─── Provided material

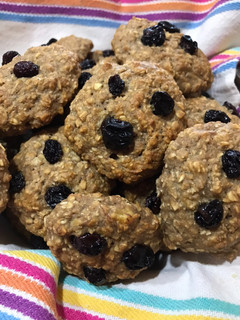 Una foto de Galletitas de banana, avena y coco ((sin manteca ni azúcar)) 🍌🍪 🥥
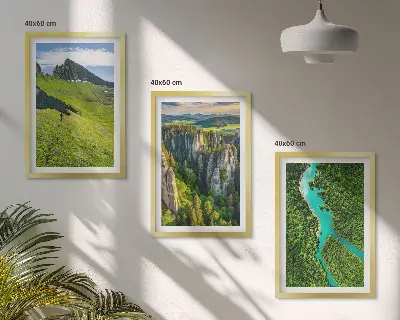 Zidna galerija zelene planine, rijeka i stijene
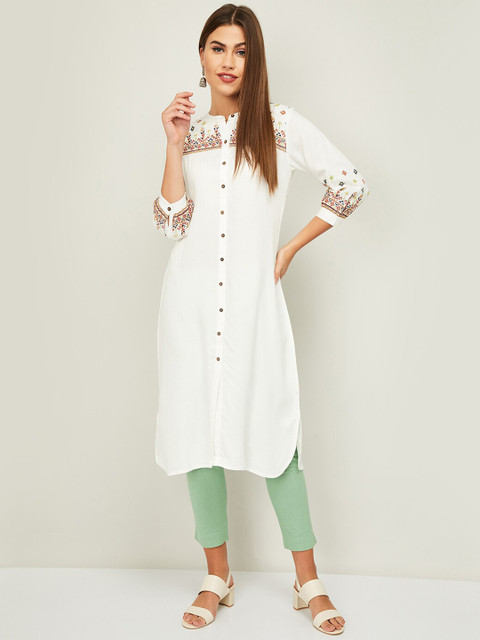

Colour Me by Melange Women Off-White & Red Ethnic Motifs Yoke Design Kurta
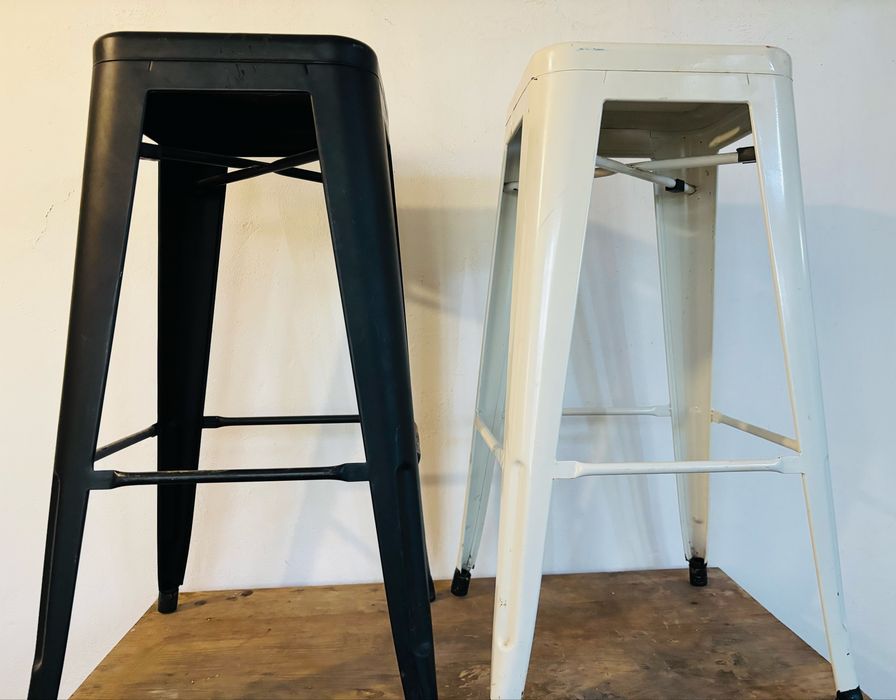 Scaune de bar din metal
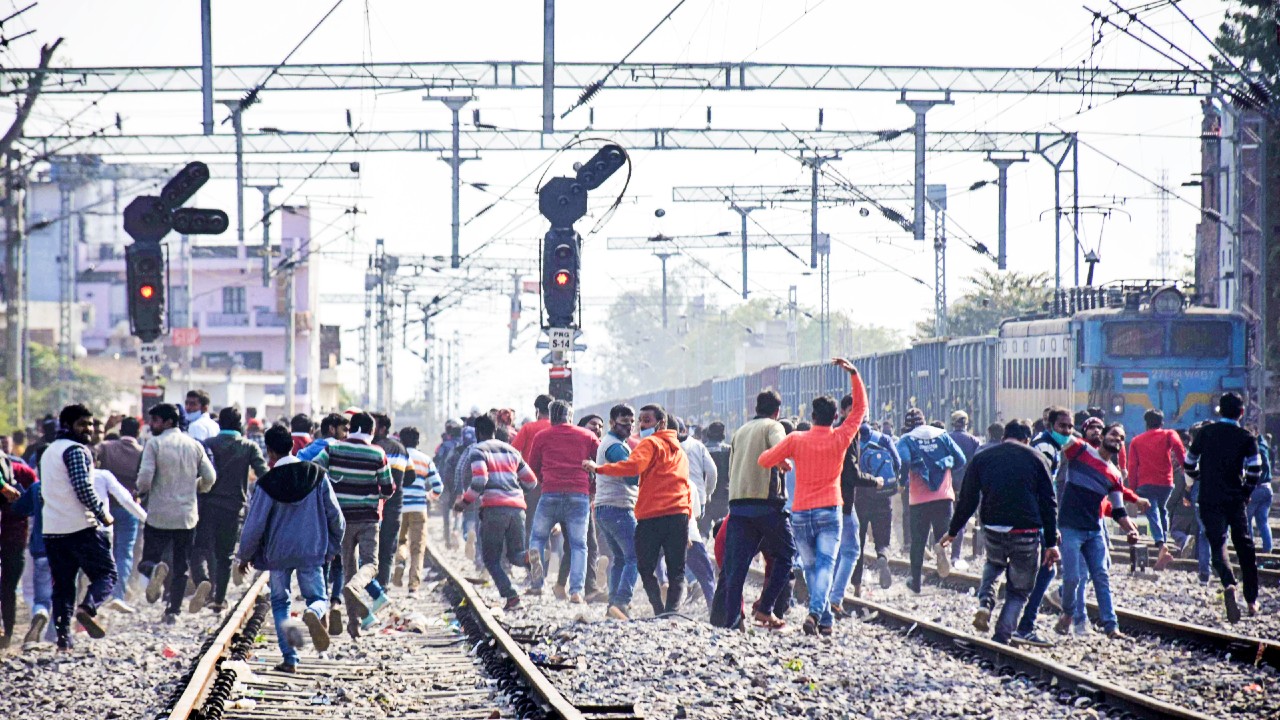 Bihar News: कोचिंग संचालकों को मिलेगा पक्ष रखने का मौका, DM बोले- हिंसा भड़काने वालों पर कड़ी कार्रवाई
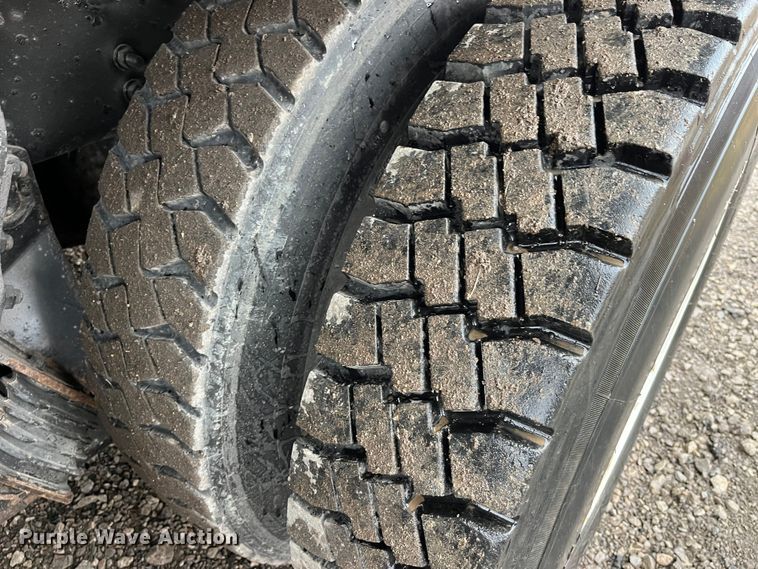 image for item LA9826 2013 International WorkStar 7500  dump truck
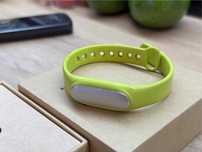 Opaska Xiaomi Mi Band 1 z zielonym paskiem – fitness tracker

──────

* [What you have to do]:
In the listing above, transcribe exactly the lines from the line containing "Zidna galerija zelene" through the last one, both included, but not the pictures.

* [The completed task]:
 Zidna galerija zelene planine, rijeka i stijene

Colour Me by Melange Women Off-White & Red Ethnic Motifs Yoke Design Kurta
 Scaune de bar din metal
 Bihar News: कोचिंग संचालकों को मिलेगा पक्ष रखने का मौका, DM बोले- हिंसा भड़काने वालों पर कड़ी कार्रवाई
 image for item LA9826 2013 International WorkStar 7500  dump truck
 Opaska Xiaomi Mi Band 1 z zielonym paskiem – fitness tracker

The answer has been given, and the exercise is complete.